- Exercise objective: Images are to be left out; everything else in the listing should be repeated exactly.

- Data:
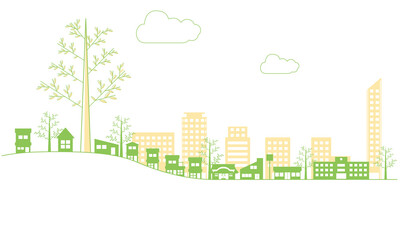 Obraz premium シンプルな建物ビルディングのアイコンで描かれた街並みの2色風景イラスト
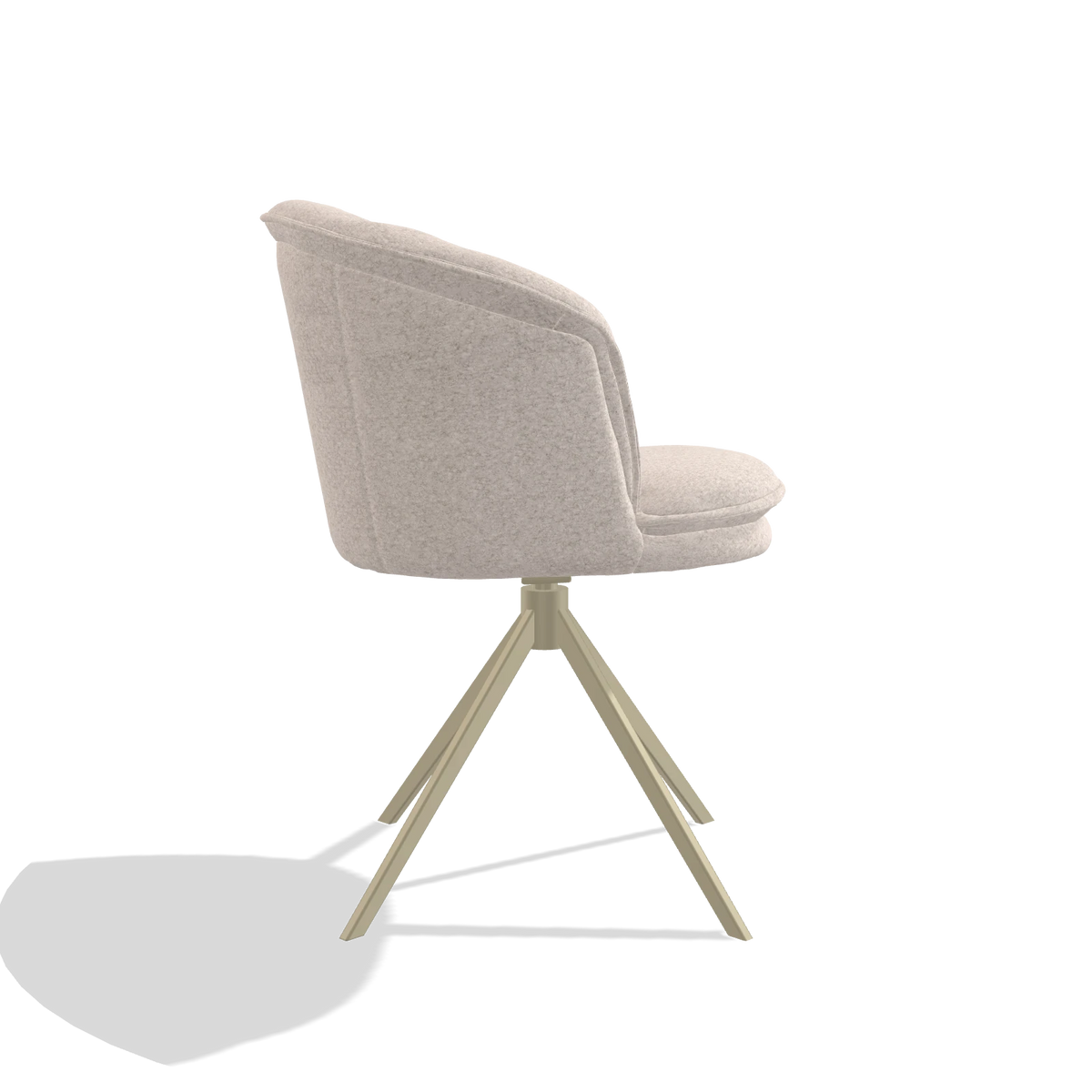 Dining Chair Lena 6581 in Venga 102 fabric (light grey), champagne swivel base, side view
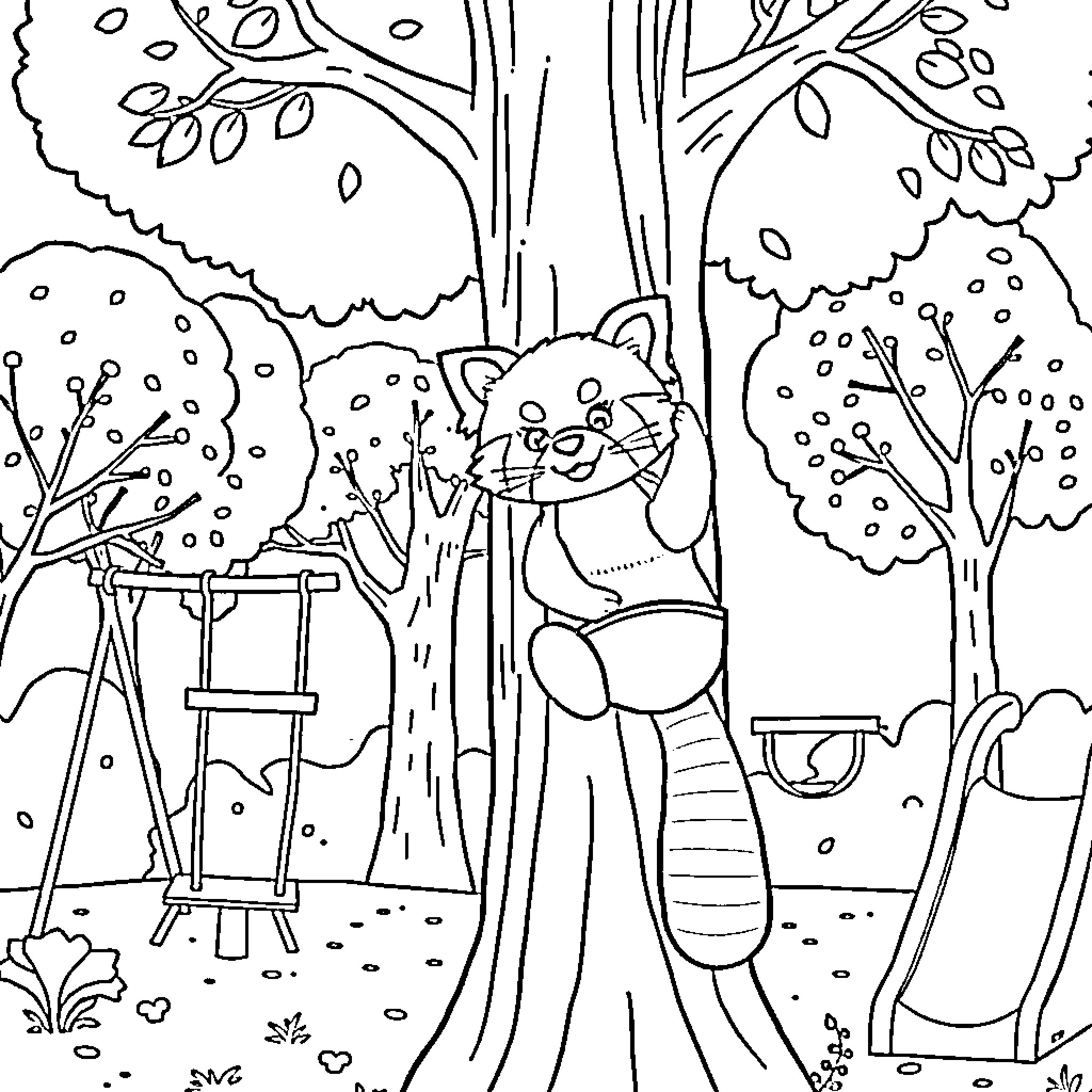 Panda painting in the forest Coloring Page (free black-and-white line drawing printable PDF for all, from beginners to advanced learners, including children, teens, adults, and seniors)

- Answer to this task:
 Obraz premium シンプルな建物ビルディングのアイコンで描かれた街並みの2色風景イラスト
 Dining Chair Lena 6581 in Venga 102 fabric (light grey), champagne swivel base, side view
 Panda painting in the forest Coloring Page (free black-and-white line drawing printable PDF for all, from beginners to advanced learners, including children, teens, adults, and seniors)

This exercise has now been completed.